12.4.2.2. section 78(3) provides as follows :-

“78(3) Subject to section 3(A), a company may not directly or indirectly pay any fine that may be imposed on a director of the company, or on a director of a related company, as a consequence of that director having been convicted of an offence, unless the conviction was based on strict liability.”

12.5. Delegation

12.5.1. Insofar as concerns the power of directors to delegate, section 72 of the New Act varies the common law position. Whereas at common law a board was only permitted to delegate to committees of the board if expressly permitted to do so in terms of the constitution of the company the New Act itself now permits such delegation. In this regard section 72(1) reads as follows:

“72(1) Except to the extent that the Memorandum of Incorporation of a company provides otherwise, the board of a company may –
(a) appoint any number of committees of directors; and
(b) delegate to any committee any of the authority of the board.”

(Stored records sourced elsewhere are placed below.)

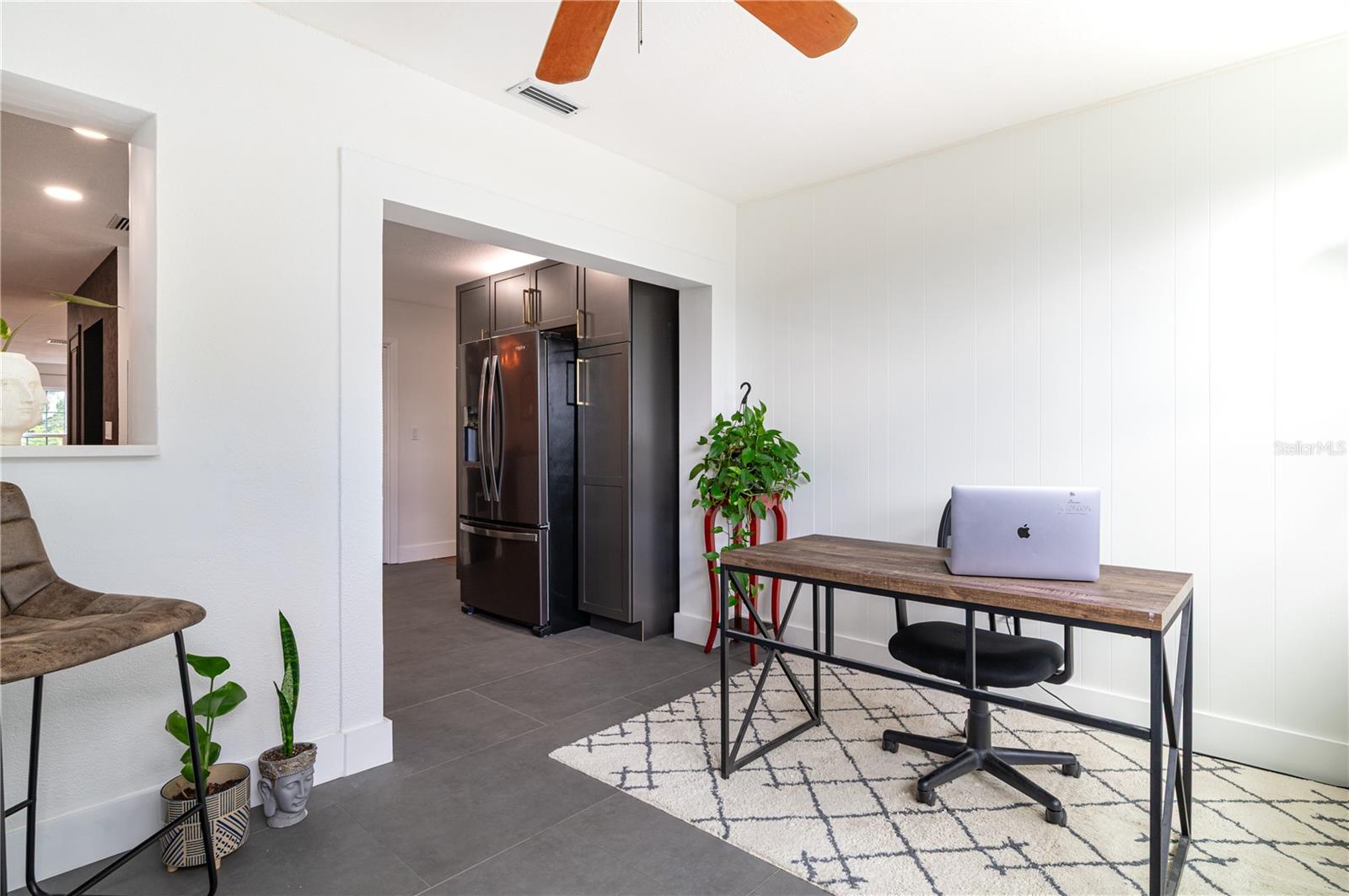 EDEN ISLE CONDO OF ST PETERSBURG - Residential Lease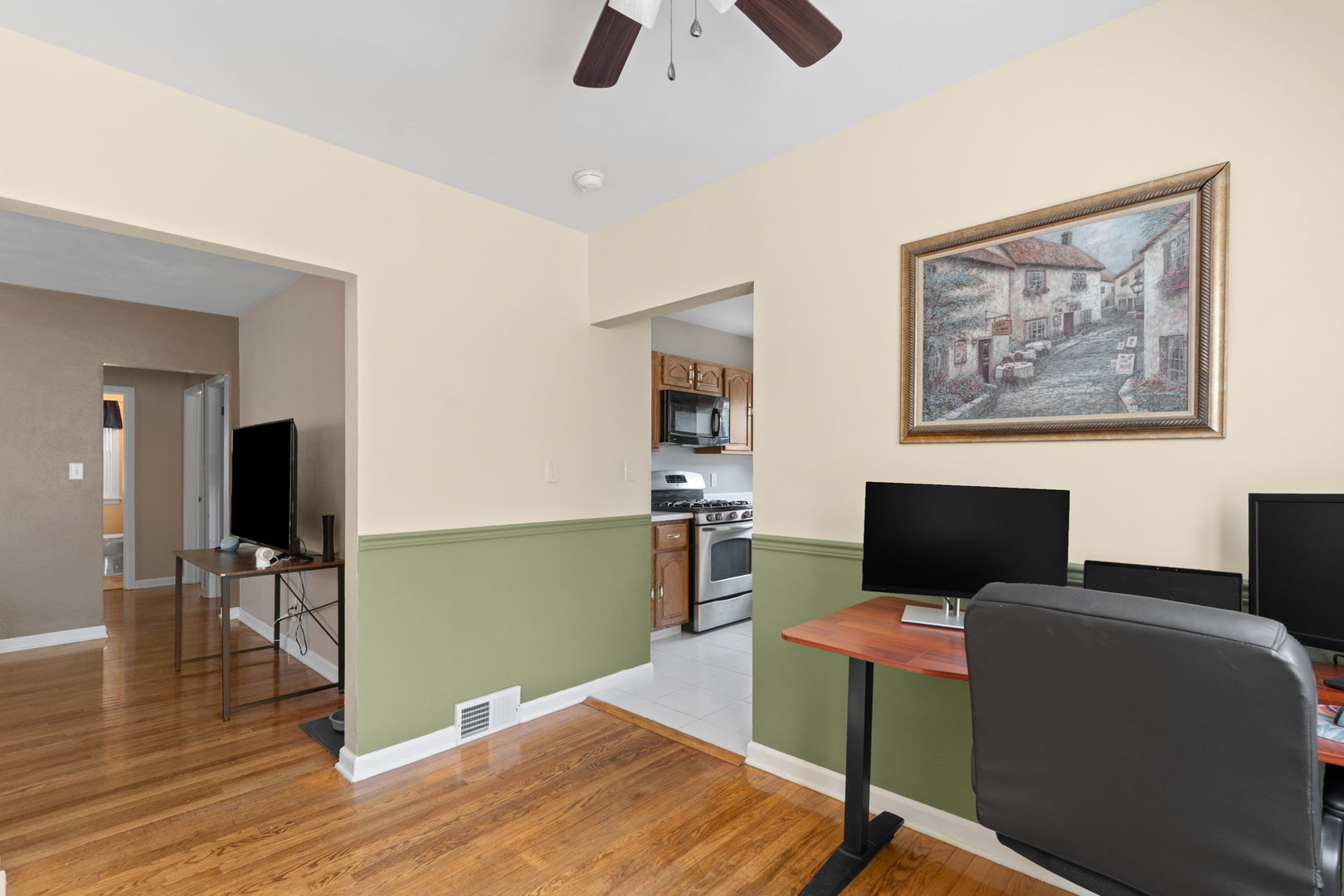 2123 32nd Street Rock Island, IL 61201 - Photo 10 of 38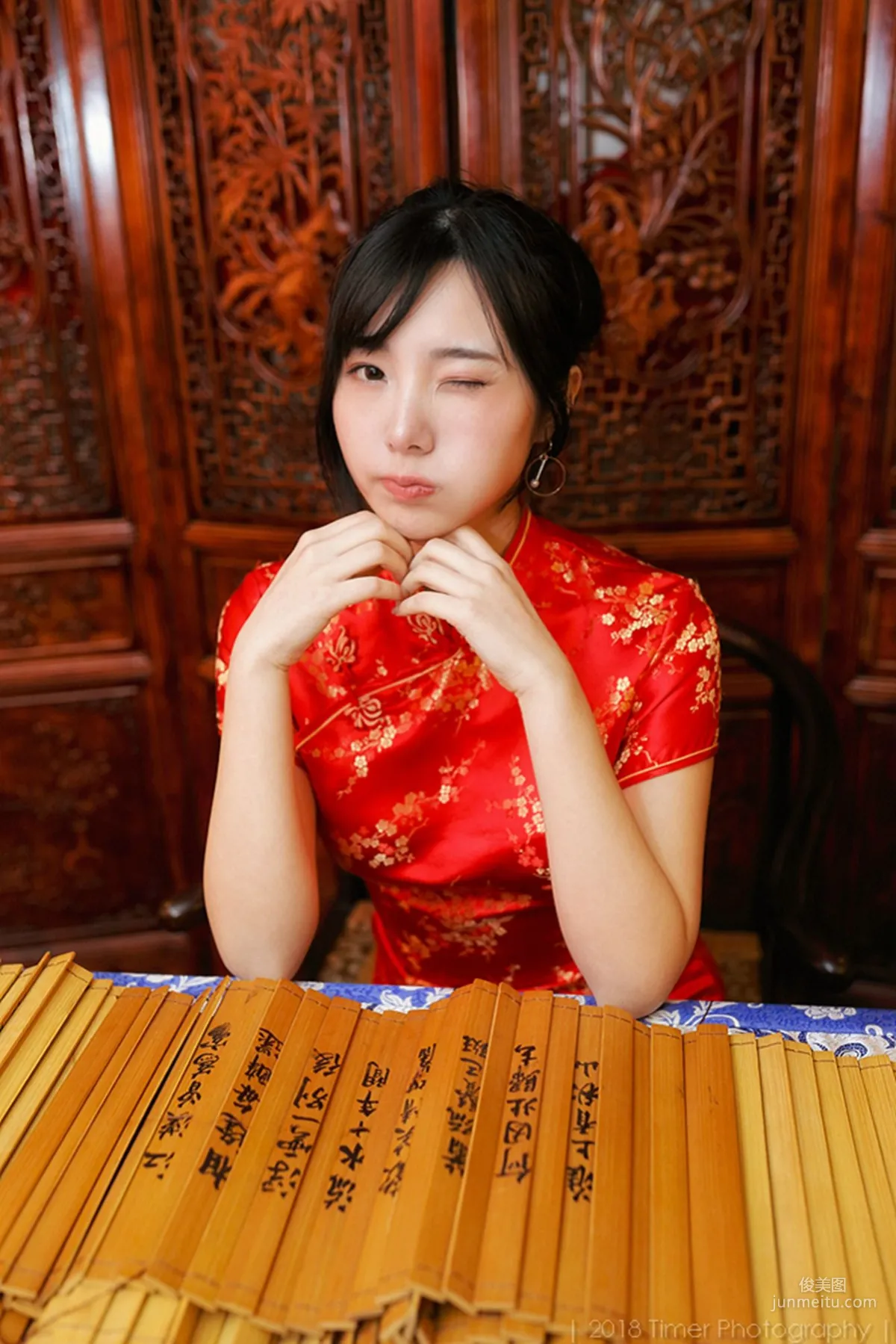[Taiwan Beauties] Zora Chen Siying, New Year Fashion Studio Shoot (Part 1) Photo Set photo 46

12.5.2. If a member of a committee of the board is not a director then such person may not vote on a matter to be decided by the committee; however such person has all the duties of a director. This is provided in section 72(2) which reads as follows:

“72(2) Except to the extent that the Memorandum of Incorporation of a company, or a resolution establishing a committee, provides otherwise, the committee –
(a) may include persons who are not directors of the company, but –
(i) any such person must not be ineligible or disqualified to be a director in terms of section 69; and
(ii) no such person has a vote on a matter to be decided by the committee;
(b) may consult with or receive advice from any person, and
(c) Has the full authority of the board in respect of a matter referred to it.”

12.5.3. It is also necessary to point out that the creation of a committee or the delegation of any power to a committee does not in itself constitute compliance by directors with their duties as set out in the Act. This is provided in section 72(3):

“72(3) The creation of a committee, delegation of any power to a committee, or action taken by a committee, does not alone satisfy or constitute compliance by a director with the required duty of a director to the company, as set out in section 76.”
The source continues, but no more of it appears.